India’s minister of labor Shri Bandaru Dattatreya deposited his country’s instruments of ratification of the conventions with the ILO in Geneva on Tuesday.

Dattatreya said during a signing ceremony with ILO director general Guy Ryder, on the sidelines of the annual ILO ministerial meeting, that ratification of the two conventions reaffirmed India’s “commitment to a child labor free society.”

“This is a historic step.

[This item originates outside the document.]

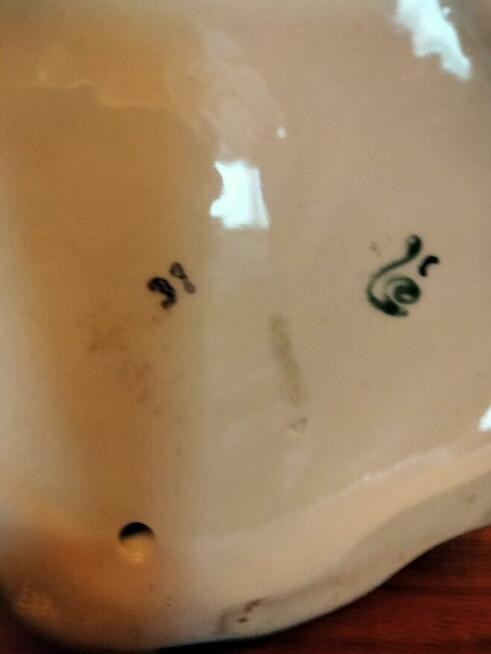 Porcelana duża figura Połonne -Wołyń idealny stan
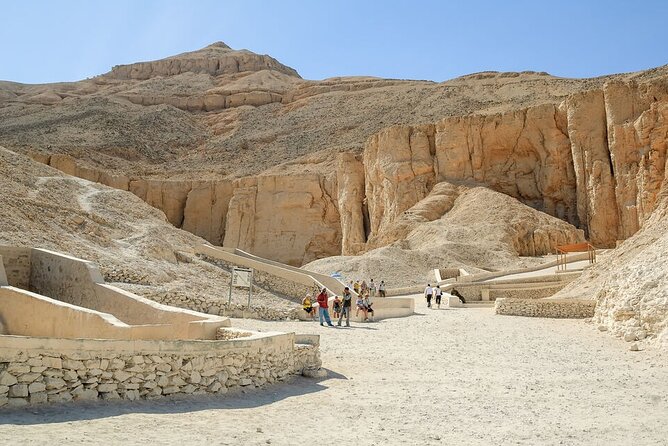Full-day Private Guided Tour of East and West Bank in Luxor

From today, Convention 182 will cover more than 99 percent of the world’s children and the coverage of Convention 138 will leap from approximately 60 percent to almost 80 percent,” Ryder said, referring to the rules on eliminating the worst forms of child labor and on minimum working age, respectively.

India joins the 169 ILO members that have ratified Convention 138 and the 180 member states that have ratified Convention 182, he said.

The ratification of the two conventions is expected to bring almost half a billion children and adolescents up to 18 years of age under legal protection.

Dattatreya said the newly amended Child Labor (Prohibition and Regulation) Act, 1986, which came into effect on Sept. 1, 2016, “now prohibits employment or work of children under 14 years in any occupation or process.”

In addition, he said, the rule “prohibits” the employment of adolescents ages 14 to 18 in hazardous occupations and processes.

The reforms also include provisions for periodic inspections and monitoring.

The long overdue move is expected to enhance efforts by India to stamp out the worst forms of child labor, and improve the prospects of attracting foreign investment in sectors such as textiles, apparel and accessories, among others, that have been marred by child labor abuses, labor diplomats and experts said.

According to senior Indian officials, there are at present about seven million child laborers, down from 10 million in 2011, and 12.6 million in 2001.

The objective, the officials said, is to halve this figure to less than 3.5 million by 2021.

At present, India spends each year about $25 million to rescue and rehabilitate child laborers, officials said.

India’s new ratification obligations, take effect one year from today, ILO officials said.